Photo detail: Lance Pressl
Red
the power of red
Red is the most immediate of colors. It advances toward the eye before the mind has time to interpret it. Long before it becomes symbol, it is sensation — heat, urgency, presence.
Across cultures and centuries, red has carried meanings that are both deeply personal and universally understood. It is the color of blood and fire, of warning and celebration, of devotion, danger, love, anger, courage, and sacrifice. It can signal life at its most vital and violence at its most destructive. Few colors hold such contradictory power.
In photography, red behaves differently than other colors. It refuses neutrality. Even in small amounts it alters the emotional temperature of an image, pulling the viewer’s attention and reshaping the visual balance of the frame.

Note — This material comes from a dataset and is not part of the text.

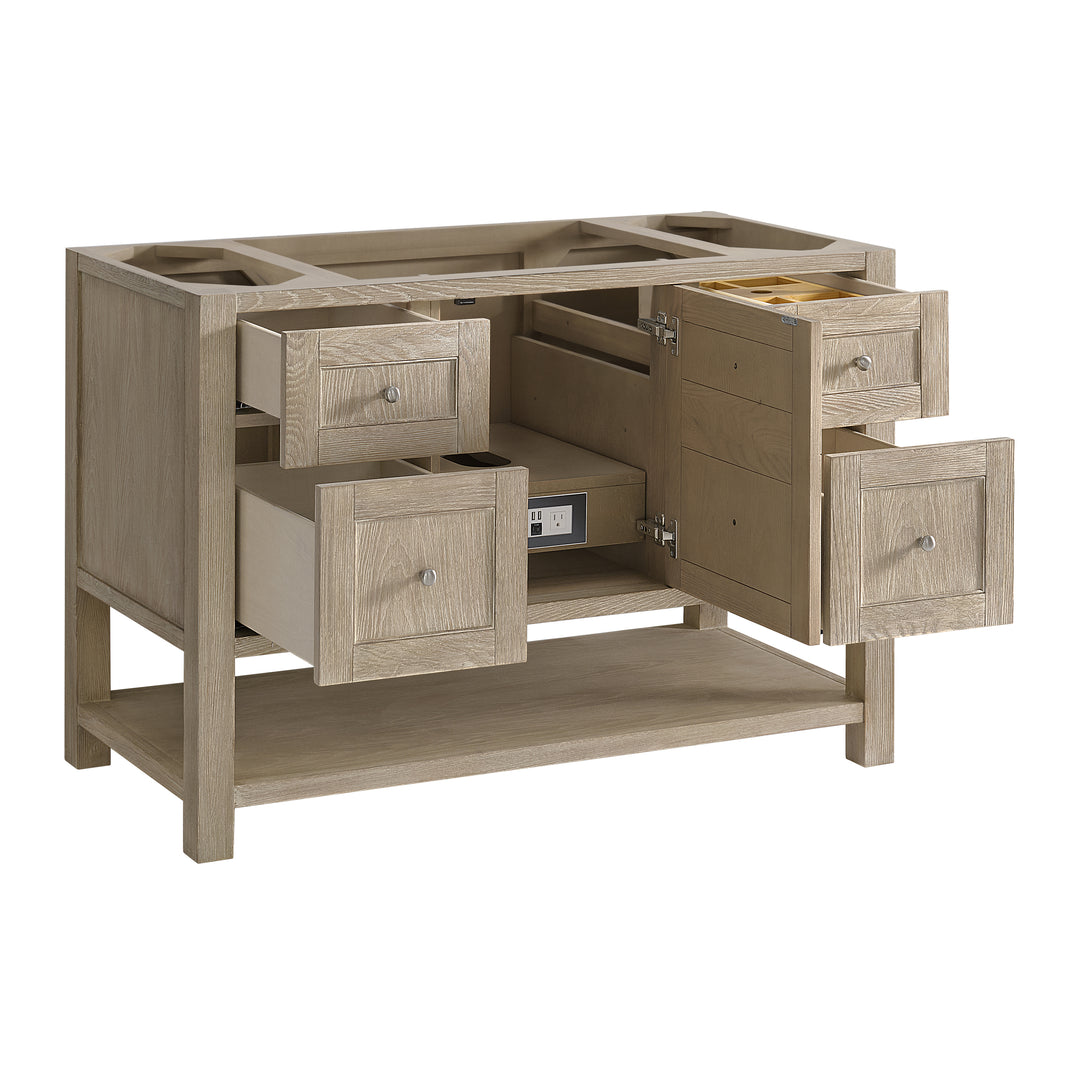 Breckenridge 48" Single Vanity, Whitewashed Oak w/ 3 CM White Zeus Silestone Top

Sometimes it dominates the photograph; sometimes it appears as a single pulse within a quieter field. In either case, it changes how the photograph is felt.
The works in Red - the power of red explore this force in many forms. Some photographs use red as a structural element — a surface, a garment, a wall, a sign — anchoring the composition. Others allow it to emerge as a moment of intensity within everyday life. In some images red speaks of intimacy and human presence; in others it suggests warning, tension, or transformation.
What unites these photographs is not subject matter but the recognition that red is never passive. It acts within the photograph. It pushes forward, interrupts calm, intensifies atmosphere, and sometimes becomes the emotional center of the image itself.
This exhibition brings together photographers who understand that color can carry meaning as powerfully as subject or gesture. In these works, red is not simply seen — it is felt.